For examples of zone speeds recorded so far, Baker noted that a test at the Idaho County Courthouse reported a download of 196.15, which is the target speed. However, some tests around town reported speeds of less than 25 downloads; tests in and around Cottonwood showed speeds below 25 and below 10; and a few outlying areas outside of Riggins were also within 10.
In Kamiah and Craigmont, speeds in both towns were reported both above and below 25, the same with Nezperce which also showed speeds below 10.

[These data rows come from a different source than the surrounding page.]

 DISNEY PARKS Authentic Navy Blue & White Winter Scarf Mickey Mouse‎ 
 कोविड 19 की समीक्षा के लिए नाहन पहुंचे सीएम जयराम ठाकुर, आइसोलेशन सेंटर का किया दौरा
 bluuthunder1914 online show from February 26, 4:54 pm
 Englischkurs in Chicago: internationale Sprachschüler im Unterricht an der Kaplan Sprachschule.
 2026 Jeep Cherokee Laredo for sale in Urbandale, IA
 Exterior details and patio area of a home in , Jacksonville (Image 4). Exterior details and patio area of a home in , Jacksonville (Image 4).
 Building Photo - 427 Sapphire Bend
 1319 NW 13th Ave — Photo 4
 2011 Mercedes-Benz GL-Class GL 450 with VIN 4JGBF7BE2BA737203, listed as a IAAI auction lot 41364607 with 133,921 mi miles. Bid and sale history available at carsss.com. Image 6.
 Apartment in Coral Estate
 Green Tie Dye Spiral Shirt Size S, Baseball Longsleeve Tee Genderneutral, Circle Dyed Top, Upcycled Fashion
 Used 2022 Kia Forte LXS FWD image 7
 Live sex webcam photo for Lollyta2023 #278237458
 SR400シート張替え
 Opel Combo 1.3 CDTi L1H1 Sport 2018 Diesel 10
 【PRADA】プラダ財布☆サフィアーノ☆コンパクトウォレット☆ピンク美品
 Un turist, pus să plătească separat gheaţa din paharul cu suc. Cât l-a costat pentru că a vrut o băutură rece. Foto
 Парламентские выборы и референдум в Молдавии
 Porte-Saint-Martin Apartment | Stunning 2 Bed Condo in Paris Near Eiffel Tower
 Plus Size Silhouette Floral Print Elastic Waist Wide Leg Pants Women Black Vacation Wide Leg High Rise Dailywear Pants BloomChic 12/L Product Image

Baker explained the need for as many tests as possible in order to determine the real data. For example, a person on top of a mountain may pay 100/20, and this may not reflect the service of surrounding users; however, the FCC will take the data and broadly apply it to everyone. Further testing demonstrates what the actual service is, and by demonstrating the need, the hope is that the FCC will direct more subsidies to the state.
“It’s important to take note, this is all completely secure and confidential,” Tucker said. Data will only be used by the state in its grant application, only noting location, internet service provider, and upload/download speeds.
Tentatively, grants will be awarded in 2023 and, according to Tucker, the state will work with counties and other groups such as CEDA to determine local broadband projects.
“We want people to live anywhere and be able to learn anywhere and connect anywhere,” Tucker said. “Rural Idaho is the heart of our state, and we want all of these communities to have the skills to live in our modern society: medicine, business, and more opportunities that we don’t even know yet.”